Sanders is a violinist with the Chicago Sinfonietta orchestra, where he’s been a member since 1993. Though he didn’t study jazz during his college career or prior (he is a graduate of Yale), his dual musical citizenship, was mirrored in his bilingual upbringing.

Sanders says he was drawn to the Latin music he heard in the street growing up as the son of a Dominican mother in an ethnically mixed Chicago neighborhood. He spoke Spanish with his mother at home and English at school. A chance encounter with the famed jazz violinist, Johnny Frigo, also a native Chicagoan, during Sanders’ early freelancing days in the city also made a significant impression on him.

However, Sanders says it wasn’t until he reinvested himself into the fundamentals of violin playing by taking additional coachings with area violinists that he felt he was ready to depart stylistically from his classical training and move into the jazz genre. This led to a creative breakthrough. Soon he realized he could approach his playing in a whole new light.

“That’s where the real energy comes from, your innate music, wherever that comes from. Even the great violinists…they improvised, made up cadenzas, ideas. By pushing into this creative space, they changed the game for all of us,” he explains. “It’s easy to think that you can only try to perfect what’s already there, instead of reinventing it.”

By 2001, Sanders had founded the seven-member Latin jazz ensemble Conjunto. Initially, he kept his jazz playing under wraps from his classical colleagues because he mistakenly didn’t want to be thought of as not serious.” Until one day, when the Sinfonietta were scheduled to rehearse a piece by the legendary jazz composer and pianist, Dave Brubeck. Sanders was tapped to play the violin solo to much acclaim from his fellow musicians. The orchestra went on to perform the piece to their audience’s delight several more times, and the rest was history.

Conjunto has recorded two previous albums Live in Little Village and Chicago Sessions. Evidencia is the group’s third, and their first album of entirely original music. Sanders and Conjunto pianist and arranger Leandro López Várady composed the album’s four solo violin pieces. A fifth and final composition was written by López Várady, based on one of his own trio works. The group debuted the music live to audiences at the 2021 Chicago Latin Jazz Festival last summer.

The group’s core lineup consists of Sanders on violin, Kevin O’Connell on piano, Jean-Christophe Leroy on drums and timbales, Joe Rendon on congas and percussion, bassist José Porcayo, and multi-reedist Steve Eisen.

Conjunto’s lineup has been known to expand depending on the occasion. In 2010, at Chicago’s Pritzker Pavilion at Millennium Park, they collaborated onstage with Pharez Whitted on trumpet, bassist Brett Bentler, cellist Tomeka Reid, Roel Trevino on congas, Puerto Rican sonero Papo Santiago on vocals and guitar, and choreography by Cerqua Rivera Dance Theatre. The ensemble’s repertoire ranges from Afro-Cuban classics to Latin arrangements of jazz standards, fusion, the Great American songbook, and original material written by Sanders and Conjunto members.

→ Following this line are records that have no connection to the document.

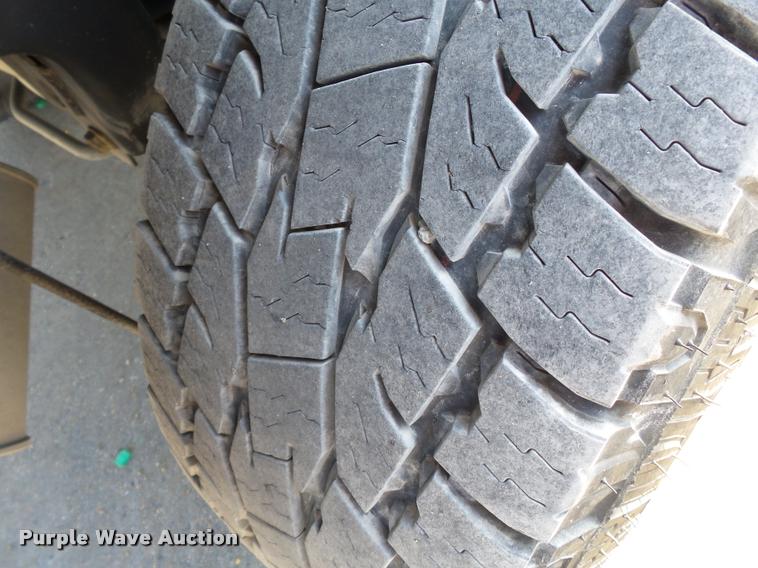 image for item DA2345 2014 Dodge Ram 2500 Crew Cab pickup truck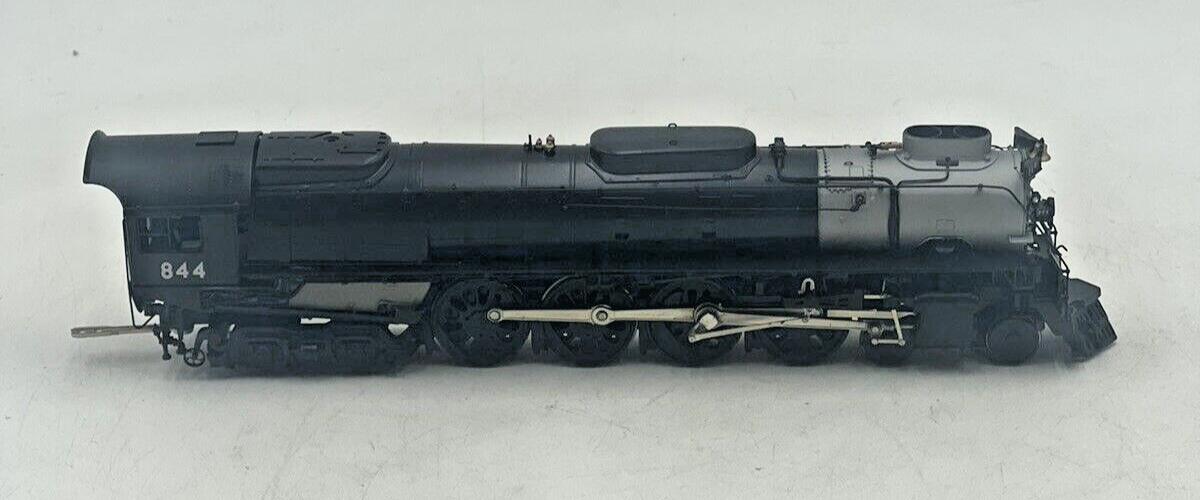 Key Imports Brass HO Scale 4-8-4 Northern Union Pacific FEF-3 #844 (Tested)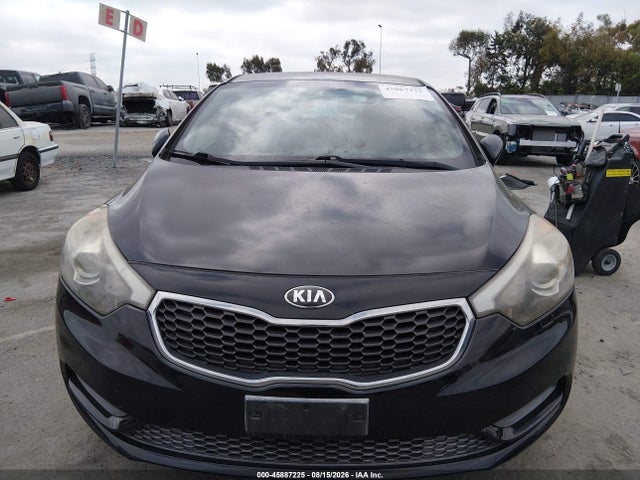 KIA FORTE LX 2015 KNAFK4A6XF5425300 Image 6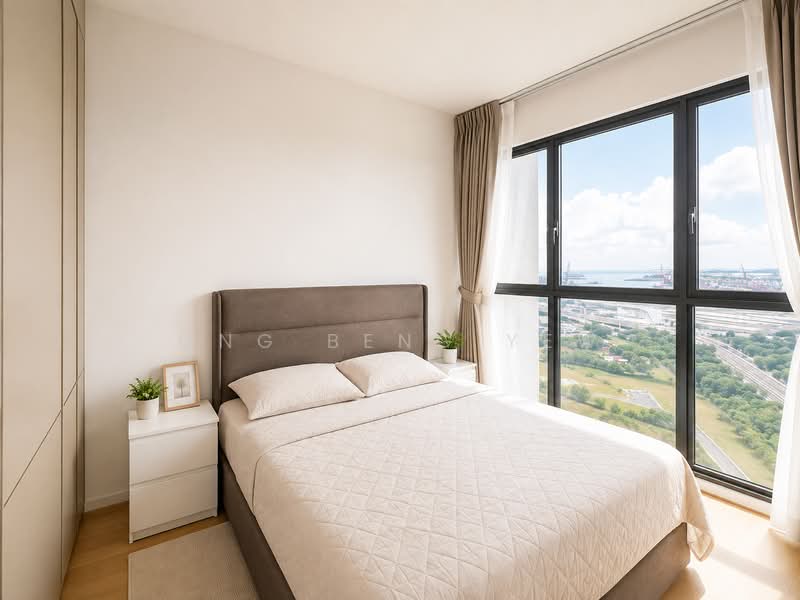 Avenue South Residence, 11 Silat Avenue, Alexandra / Commonwealth, 2 Bedrooms, 657 sqft, Condominium For Sale, by Ong Beng Yew, 500235924 - Bedroom - PropertyGuru.com.sg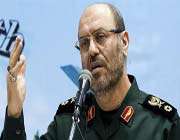 iranian defense minister brigadier general hossein dehqan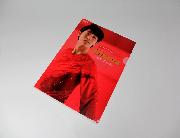 ファミリーマート限定羽生結弦選手オリジナルクリアファイル全4種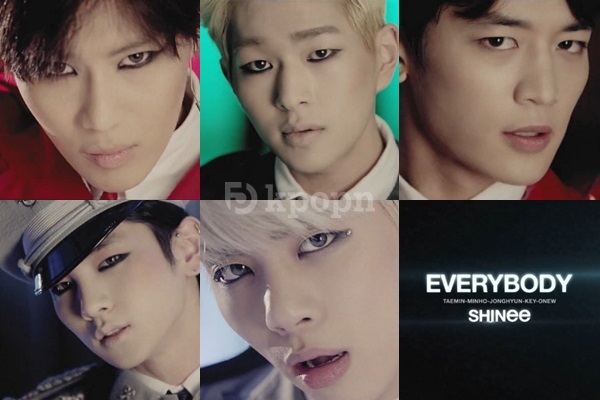 SHINee "Everybody"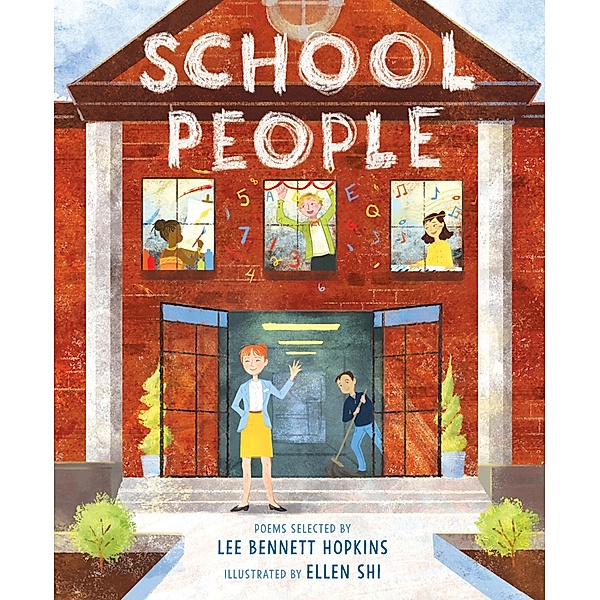 School People, Lee Bennett Hopkins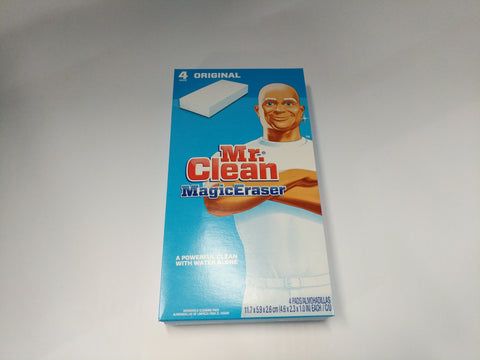 Mr. Clean Magic Eraser (4 pack)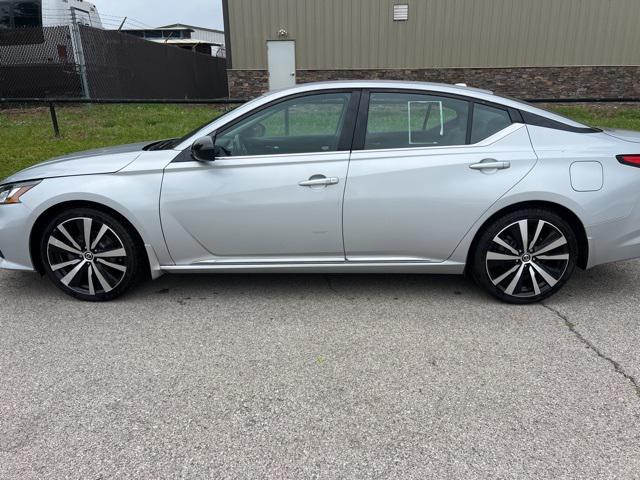 used 2019 Nissan Altima car, priced at $14,382
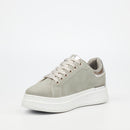 Butterfly Feet Campus 1 Sneaker - Grey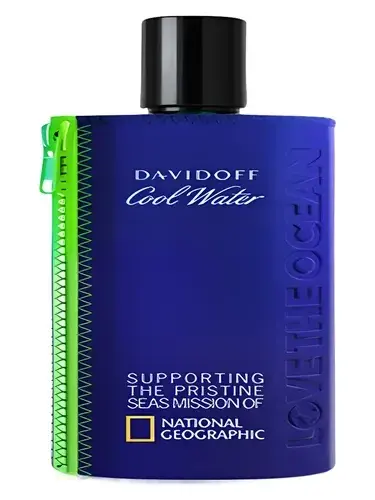 Davidoff Cool Water National Geographic Pristine Seas by Davidoff bottle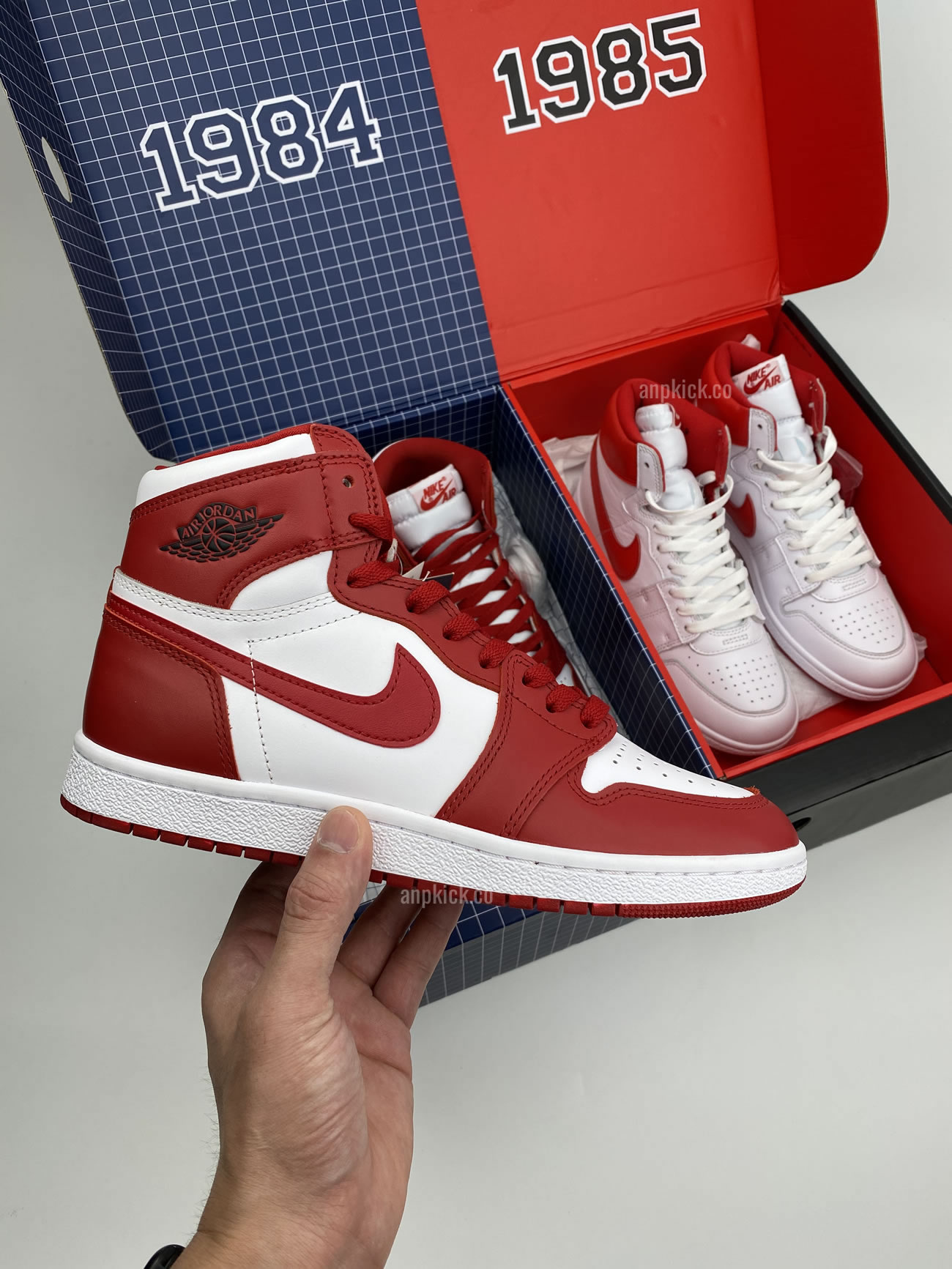 Nike Air Jordan 1 1984 And 1985 New Beginnings Pack Ct6252 900 (10) - www.newkick.org Nike Air Jordan 1 1984 And 1985 New Beginnings Pack Ct6252 900 (10) - www.newkick.org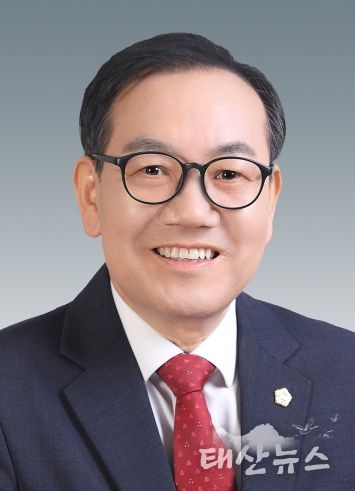 경기도의회 도시환경위원회 최승용 의원(국민의힘)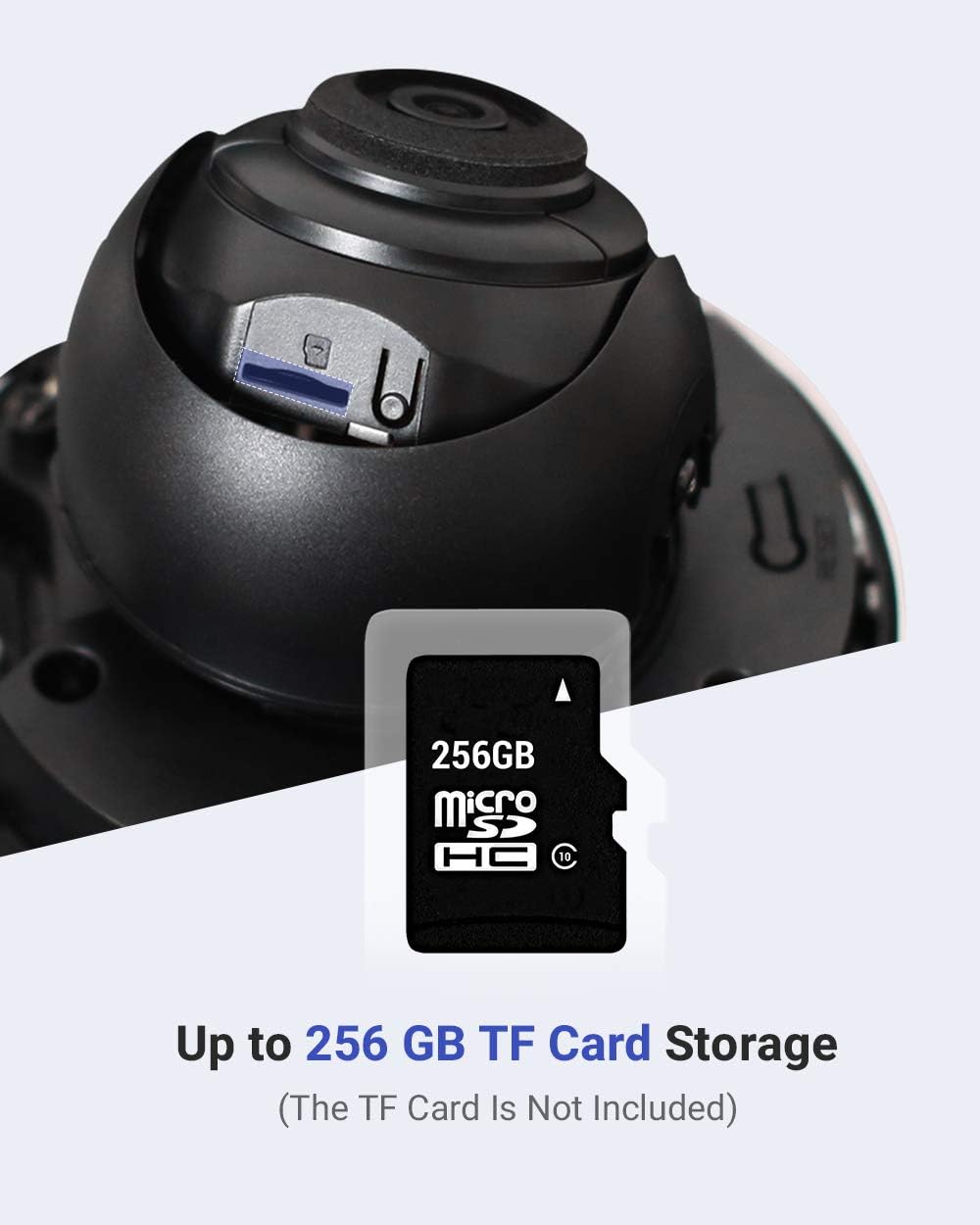 Limited Discount ANNKE C800 4K 8MP PoE IP Camera w/ Audio, H.265+ Dome Security Camera, RTSP, 100ft EXIR 2.0 Night Vision with Sony Sensor, IK10 & IP67 Weatherproof (Not PTZ) Flash Sale Buy 1 get 1 ANNKE C800 4K 8MP PoE IP Camera w/ Audio, H.265+ Dome Security Camera, RTSP, 100ft EXIR 2.0 Night Vision with Sony Sensor, IK10 & IP67 Weatherproof (Not PTZ)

In addition to his performing career, Sanders is also an educator. He teaches jazz violin at the Music Institute of Chicago. Along with his wife, fellow violinist Tamara Glassburg, he coordinates the Middle School String Program at public schools in Arlington Heights, IL. The couple’s adult son, Robert, is also a promising violinist. Most recently, Sanders has stepped in as a mentor in the Chicago Musical Pathways Initiative, a program that aims to uplift talented Chicago-area student musicians from traditionally underrepresented backgrounds with a pathway of support and training to encourage equity and diversity in America’s professional, musical landscape, and particularly in its orchestras.